TASK OBJECTIVE
Images do not belong in the copy; retype the rest of the entries below exactly.

EXERCISE INPUTS below:

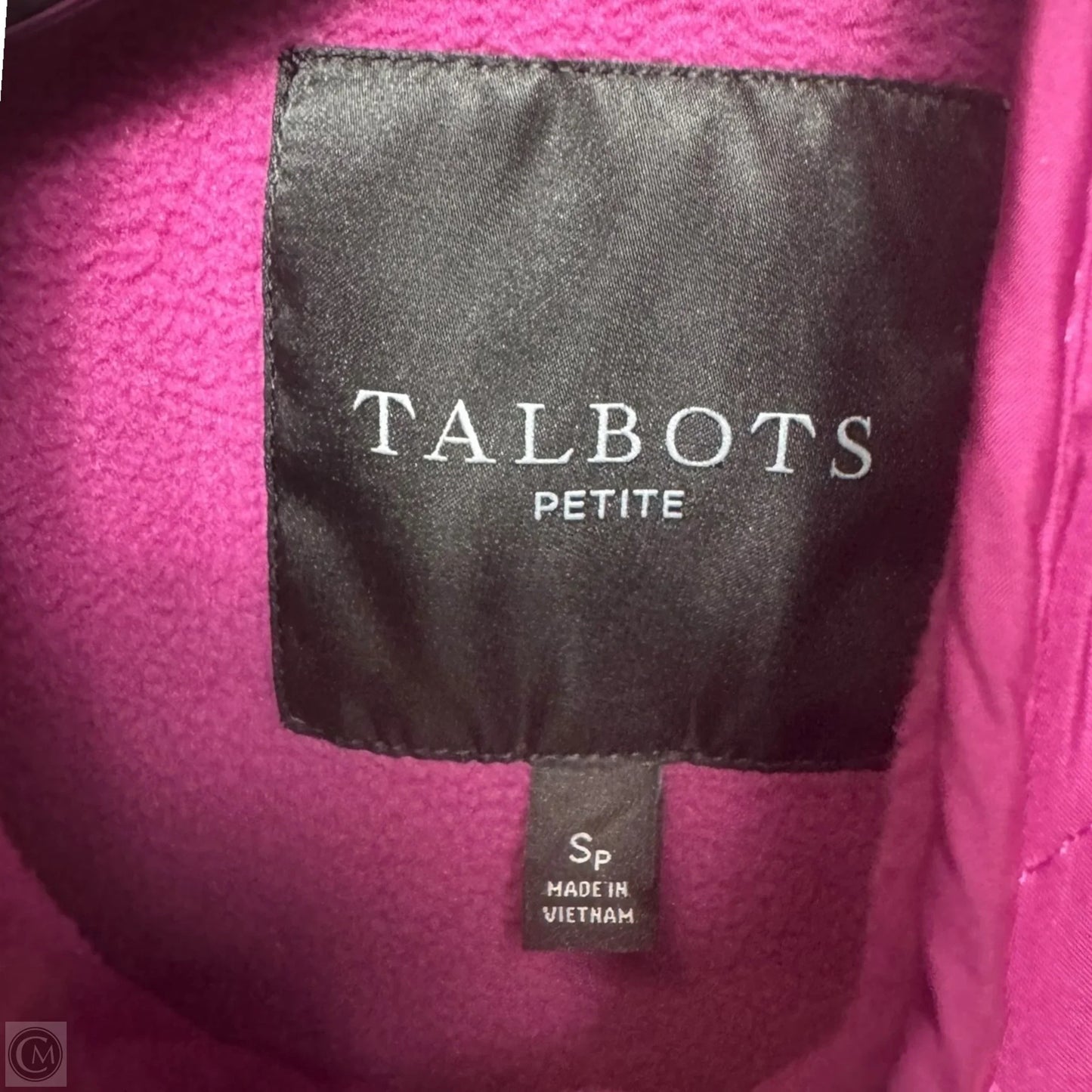 Vest Puffer & Quilted By Talbots In Pink, Size: Sp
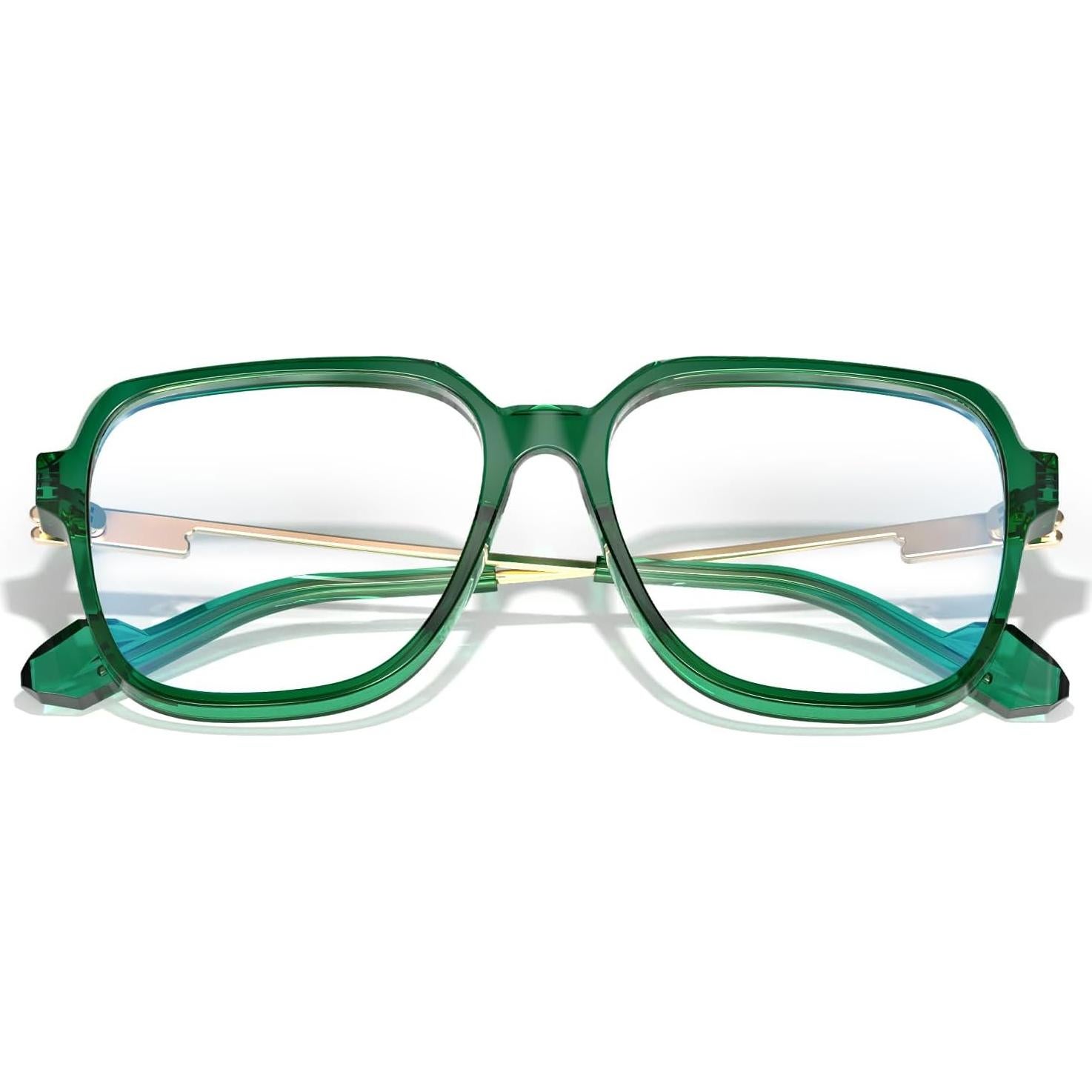 Gafas Bloqueo Luz Azul VISOONE Ryan Cuadradas TR90 Verde Albahaca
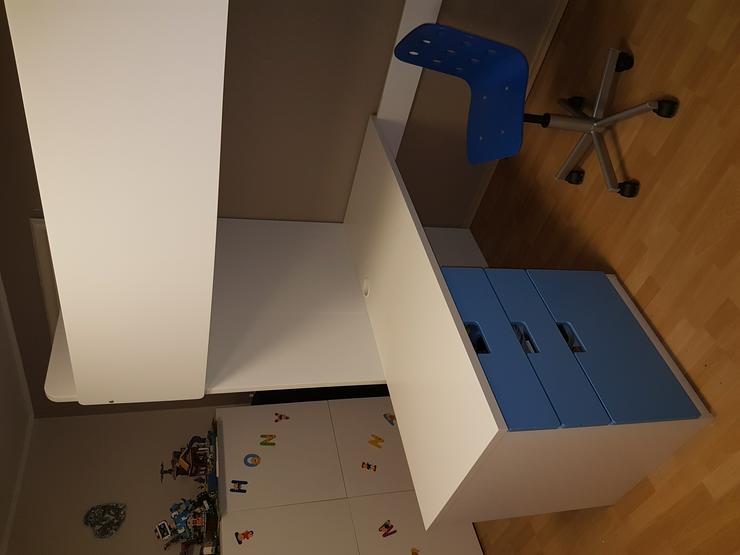 Bild 2: IKEA STUVA Kinder Hochbettkomb. weiß, blau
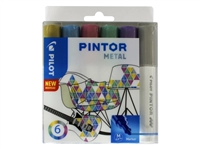 Een Verfstift Pilot Pintor metallic medium assorti etui à 6 stuks koop je bij Sysdicom BV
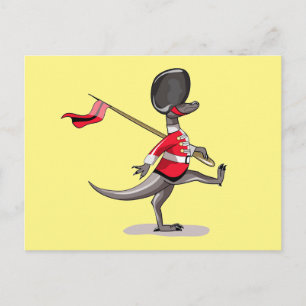 Carte Postale Raptor Habillé En Garde Britannique.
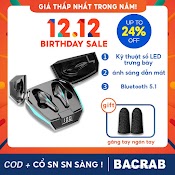 Tai Nghe Bluetooth Nut Nhet Tai Chấtlượng Tai Nghe Không Dây Thể Thao Hot Thời Trang ， Bluetooth Không Dây Không Dây Chính Hãng Gaming Pubg The Thao Nhet Tai Tws True Wireless Headphone K12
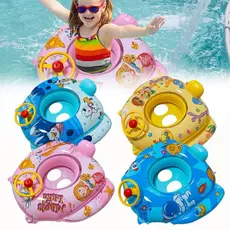 Boia Bote Carrinho Inflável Baby Assento Fraldinha Bebê  75cm  Piscina Verão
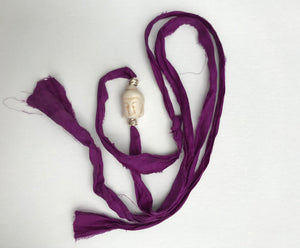 Buddha Sari Silk Wrap Bracelet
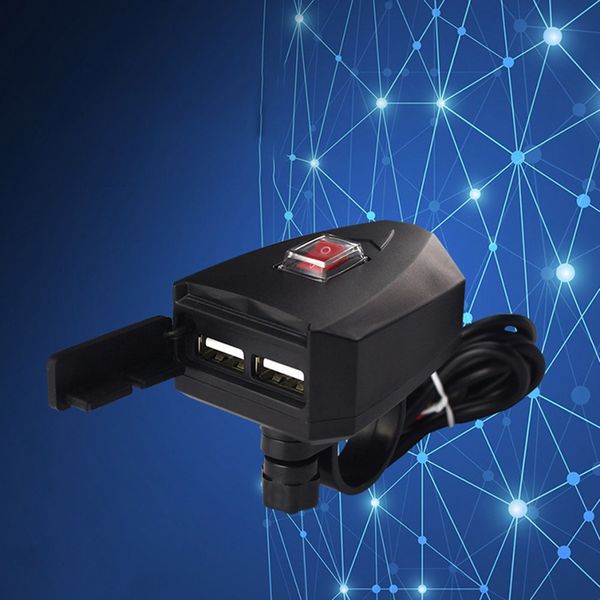 universal 12v motorcycle handlebar usb socket power adapter for mobile phone waterproof moto accessories dual usb charger outlet
universal 12v motorcycle handlebar usb socket power adapter for mobile phone waterproof moto accessories dual usb charger outlet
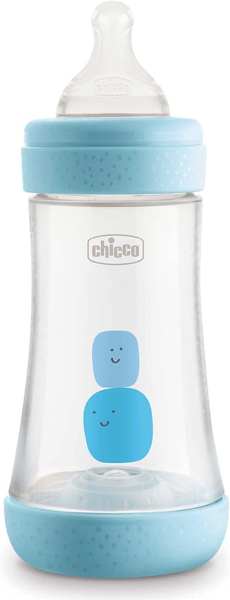 Immagine di Biberon Chicco PERFECT 5  Flusso Medio 2 Mesi + Azzurro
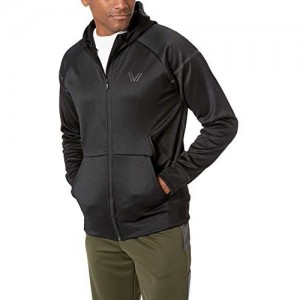  Brand - Peak Velocity Men's Black Ops Full-Zip Water-resistant Fleece Hoodie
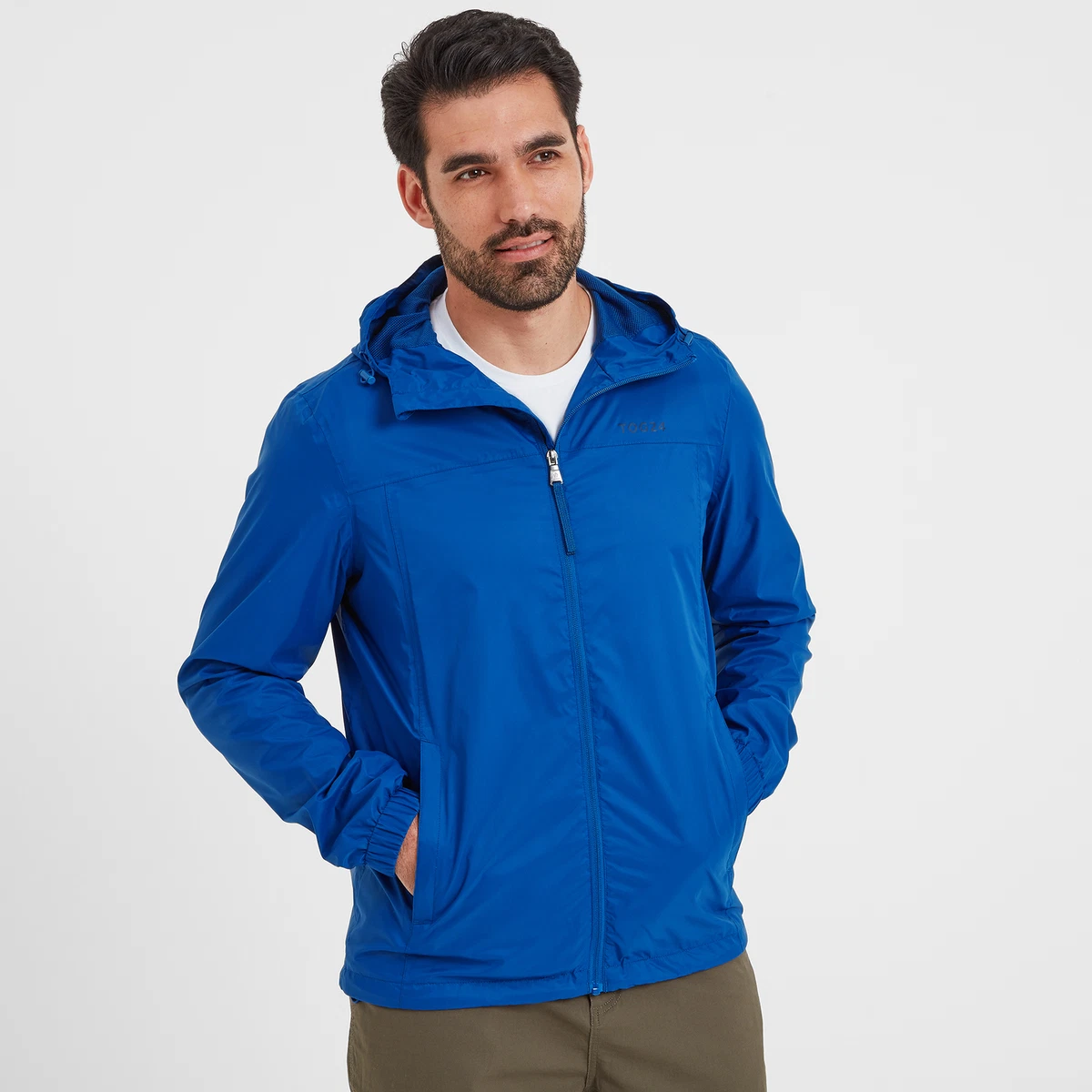 TOG 24 Craven Mens Waterproof Hooded Packaway Rain Jacket Pacmac Cagoule Zip Up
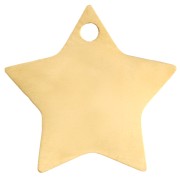 Estrella 12x13 mm - Acero inoxidable 304 Oro x1|raw }}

End of EXERCISE INPUTS.

FINISHED TASK
 Vest Puffer & Quilted By Talbots In Pink, Size: Sp
 Gafas Bloqueo Luz Azul VISOONE Ryan Cuadradas TR90 Verde Albahaca
 Bild 2: IKEA STUVA Kinder Hochbettkomb. weiß, blau
 Een Verfstift Pilot Pintor metallic medium assorti etui à 6 stuks koop je bij Sysdicom BV
 Carte Postale Raptor Habillé En Garde Britannique.
 Tai Nghe Bluetooth Nut Nhet Tai Chấtlượng Tai Nghe Không Dây Thể Thao Hot Thời Trang ， Bluetooth Không Dây Không Dây Chính Hãng Gaming Pubg The Thao Nhet Tai Tws True Wireless Headphone K12
 Boia Bote Carrinho Inflável Baby Assento Fraldinha Bebê  75cm  Piscina Verão
 Buddha Sari Silk Wrap Bracelet
 universal 12v motorcycle handlebar usb socket power adapter for mobile phone waterproof moto accessories dual usb charger outlet
universal 12v motorcycle handlebar usb socket power adapter for mobile phone waterproof moto accessories dual usb charger outlet
 Immagine di Biberon Chicco PERFECT 5  Flusso Medio 2 Mesi + Azzurro
  Brand - Peak Velocity Men's Black Ops Full-Zip Water-resistant Fleece Hoodie
 TOG 24 Craven Mens Waterproof Hooded Packaway Rain Jacket Pacmac Cagoule Zip Up
 Estrella 12x13 mm - Acero inoxidable 304 Oro x1|raw }}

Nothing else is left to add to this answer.